Recorded data:
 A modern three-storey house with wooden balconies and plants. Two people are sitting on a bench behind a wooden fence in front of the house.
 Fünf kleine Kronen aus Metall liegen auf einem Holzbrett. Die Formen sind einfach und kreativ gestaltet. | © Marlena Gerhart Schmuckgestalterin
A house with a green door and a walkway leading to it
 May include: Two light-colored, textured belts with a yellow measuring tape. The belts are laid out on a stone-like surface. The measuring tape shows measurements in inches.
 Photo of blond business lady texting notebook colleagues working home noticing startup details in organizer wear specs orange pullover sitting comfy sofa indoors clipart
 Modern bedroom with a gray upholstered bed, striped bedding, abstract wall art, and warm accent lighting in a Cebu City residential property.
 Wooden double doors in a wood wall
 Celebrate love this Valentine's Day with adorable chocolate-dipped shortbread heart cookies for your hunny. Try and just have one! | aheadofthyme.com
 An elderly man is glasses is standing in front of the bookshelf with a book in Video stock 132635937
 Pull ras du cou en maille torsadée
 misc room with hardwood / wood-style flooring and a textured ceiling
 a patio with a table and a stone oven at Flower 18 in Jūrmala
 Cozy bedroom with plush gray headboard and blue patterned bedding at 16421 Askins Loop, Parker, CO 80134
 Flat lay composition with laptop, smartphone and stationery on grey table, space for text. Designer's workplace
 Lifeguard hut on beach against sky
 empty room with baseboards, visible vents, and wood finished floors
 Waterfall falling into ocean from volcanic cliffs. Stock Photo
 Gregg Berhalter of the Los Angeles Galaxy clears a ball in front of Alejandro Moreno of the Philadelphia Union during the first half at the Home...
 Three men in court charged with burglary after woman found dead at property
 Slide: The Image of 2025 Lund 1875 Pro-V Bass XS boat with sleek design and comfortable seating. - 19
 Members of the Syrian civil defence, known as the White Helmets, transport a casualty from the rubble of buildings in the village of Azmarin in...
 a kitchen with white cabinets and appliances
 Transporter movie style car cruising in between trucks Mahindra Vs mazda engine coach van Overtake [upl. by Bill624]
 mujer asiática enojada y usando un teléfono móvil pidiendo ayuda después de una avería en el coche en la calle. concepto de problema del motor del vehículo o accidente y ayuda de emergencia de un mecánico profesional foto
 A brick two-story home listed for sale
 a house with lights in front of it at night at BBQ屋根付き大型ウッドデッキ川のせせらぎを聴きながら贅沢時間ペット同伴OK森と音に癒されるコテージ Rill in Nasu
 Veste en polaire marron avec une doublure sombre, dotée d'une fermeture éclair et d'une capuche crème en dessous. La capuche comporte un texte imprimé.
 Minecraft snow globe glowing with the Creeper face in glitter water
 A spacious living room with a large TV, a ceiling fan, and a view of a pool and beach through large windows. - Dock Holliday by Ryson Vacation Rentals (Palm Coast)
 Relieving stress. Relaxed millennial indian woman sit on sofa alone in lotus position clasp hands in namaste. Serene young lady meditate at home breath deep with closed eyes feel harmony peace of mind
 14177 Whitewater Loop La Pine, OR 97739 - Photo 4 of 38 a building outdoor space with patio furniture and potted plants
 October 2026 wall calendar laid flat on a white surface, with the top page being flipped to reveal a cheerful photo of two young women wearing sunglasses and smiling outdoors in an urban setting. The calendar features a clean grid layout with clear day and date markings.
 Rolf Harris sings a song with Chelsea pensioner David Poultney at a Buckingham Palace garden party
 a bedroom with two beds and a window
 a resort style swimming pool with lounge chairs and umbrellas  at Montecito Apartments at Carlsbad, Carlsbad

• _What you are asked to do_:
All of the entries need to be reproduced exactly; please write them out.

• _Task solution_:
 A modern three-storey house with wooden balconies and plants. Two people are sitting on a bench behind a wooden fence in front of the house.
 Fünf kleine Kronen aus Metall liegen auf einem Holzbrett. Die Formen sind einfach und kreativ gestaltet. | © Marlena Gerhart Schmuckgestalterin
A house with a green door and a walkway leading to it
 May include: Two light-colored, textured belts with a yellow measuring tape. The belts are laid out on a stone-like surface. The measuring tape shows measurements in inches.
 Photo of blond business lady texting notebook colleagues working home noticing startup details in organizer wear specs orange pullover sitting comfy sofa indoors clipart
 Modern bedroom with a gray upholstered bed, striped bedding, abstract wall art, and warm accent lighting in a Cebu City residential property.
 Wooden double doors in a wood wall
 Celebrate love this Valentine's Day with adorable chocolate-dipped shortbread heart cookies for your hunny. Try and just have one! | aheadofthyme.com
 An elderly man is glasses is standing in front of the bookshelf with a book in Video stock 132635937
 Pull ras du cou en maille torsadée
 misc room with hardwood / wood-style flooring and a textured ceiling
 a patio with a table and a stone oven at Flower 18 in Jūrmala
 Cozy bedroom with plush gray headboard and blue patterned bedding at 16421 Askins Loop, Parker, CO 80134
 Flat lay composition with laptop, smartphone and stationery on grey table, space for text. Designer's workplace
 Lifeguard hut on beach against sky
 empty room with baseboards, visible vents, and wood finished floors
 Waterfall falling into ocean from volcanic cliffs. Stock Photo
 Gregg Berhalter of the Los Angeles Galaxy clears a ball in front of Alejandro Moreno of the Philadelphia Union during the first half at the Home...
 Three men in court charged with burglary after woman found dead at property
 Slide: The Image of 2025 Lund 1875 Pro-V Bass XS boat with sleek design and comfortable seating. - 19
 Members of the Syrian civil defence, known as the White Helmets, transport a casualty from the rubble of buildings in the village of Azmarin in...
 a kitchen with white cabinets and appliances
 Transporter movie style car cruising in between trucks Mahindra Vs mazda engine coach van Overtake [upl. by Bill624]
 mujer asiática enojada y usando un teléfono móvil pidiendo ayuda después de una avería en el coche en la calle. concepto de problema del motor del vehículo o accidente y ayuda de emergencia de un mecánico profesional foto
 A brick two-story home listed for sale
 a house with lights in front of it at night at BBQ屋根付き大型ウッドデッキ川のせせらぎを聴きながら贅沢時間ペット同伴OK森と音に癒されるコテージ Rill in Nasu
 Veste en polaire marron avec une doublure sombre, dotée d'une fermeture éclair et d'une capuche crème en dessous. La capuche comporte un texte imprimé.
 Minecraft snow globe glowing with the Creeper face in glitter water
 A spacious living room with a large TV, a ceiling fan, and a view of a pool and beach through large windows. - Dock Holliday by Ryson Vacation Rentals (Palm Coast)
 Relieving stress. Relaxed millennial indian woman sit on sofa alone in lotus position clasp hands in namaste. Serene young lady meditate at home breath deep with closed eyes feel harmony peace of mind
 14177 Whitewater Loop La Pine, OR 97739 - Photo 4 of 38 a building outdoor space with patio furniture and potted plants
 October 2026 wall calendar laid flat on a white surface, with the top page being flipped to reveal a cheerful photo of two young women wearing sunglasses and smiling outdoors in an urban setting. The calendar features a clean grid layout with clear day and date markings.
 Rolf Harris sings a song with Chelsea pensioner David Poultney at a Buckingham Palace garden party
 a bedroom with two beds and a window
 a resort style swimming pool with lounge chairs and umbrellas  at Montecito Apartments at Carlsbad, Carlsbad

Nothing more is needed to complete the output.